Designed by: Wei Chung Kong   Group: iGEM15_Oxford15   (2015-08-28)

Micrococcal Nuclease (DNase) fused at N-terminal with DsbA signal sequence

This part contains the sequence for the Staphylococcus aureus-derived enzyme, micrococcal DNase (also known as staphylococcal nuclease or thermonuclease) fused with an export signal at its N-terminus.


BBa_K1659301 is a composite of Micrococcal DNase (BBa_K1659300) with the 2-19 peptide segment of protein-folding factor DsbA:

1. Micrococcal DNase

Micrococcal DNase is an endo-exonuclease that non-specifically catalyzes the hydrolysis of single- and double-stranded DNA under basic conditions and in the presence of Ca2+ ions, and is known to be able to speed up DNA hydrolysis by up to 1016 times [4].

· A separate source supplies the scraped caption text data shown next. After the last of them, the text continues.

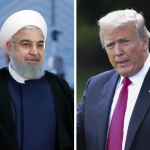USA setur aftur revsitiltøk í verk móti Iran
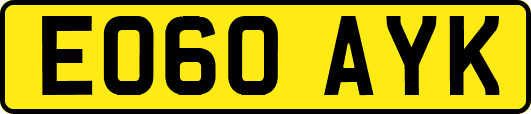 EO60AYK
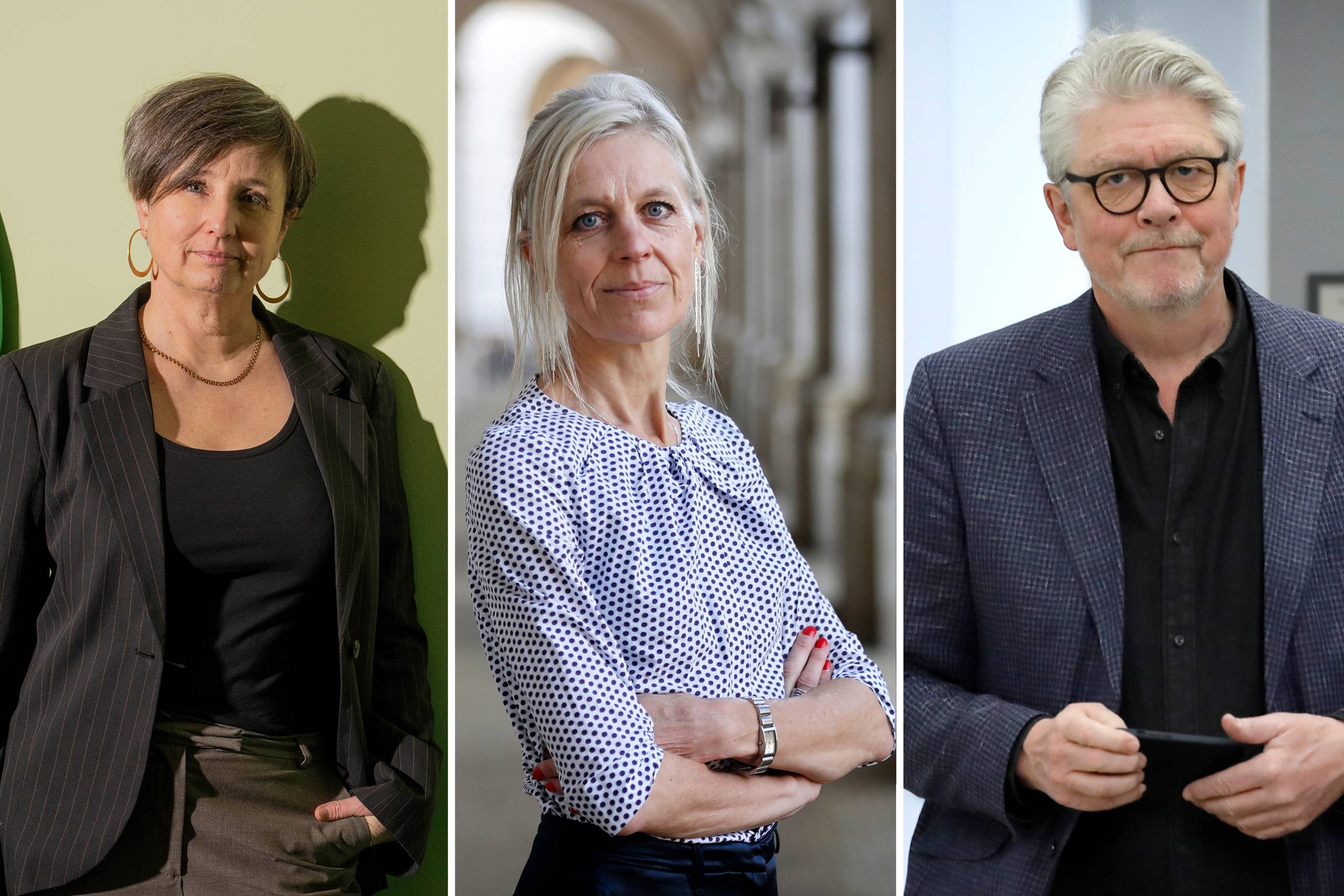 »Absurd og bundkorrupt«:  Partier vil have belyst pengestrømme fra Grønland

The crystal structure of micrococcal DNase was resolved in 1971, long before the endogeneous function of said enzyme was discovered [1]. As the enzyme's relatively simple structure proved to be very helpful towards the study of its biochemical and physical studies, researchers rapidly went on to identify the gene responsible for its synthesis and clone said gene in different expression hosts for heterologous characterization [2][3][5]. Micrococcal DNase test agars are also a well-known indicator of S. aureus contamination [6].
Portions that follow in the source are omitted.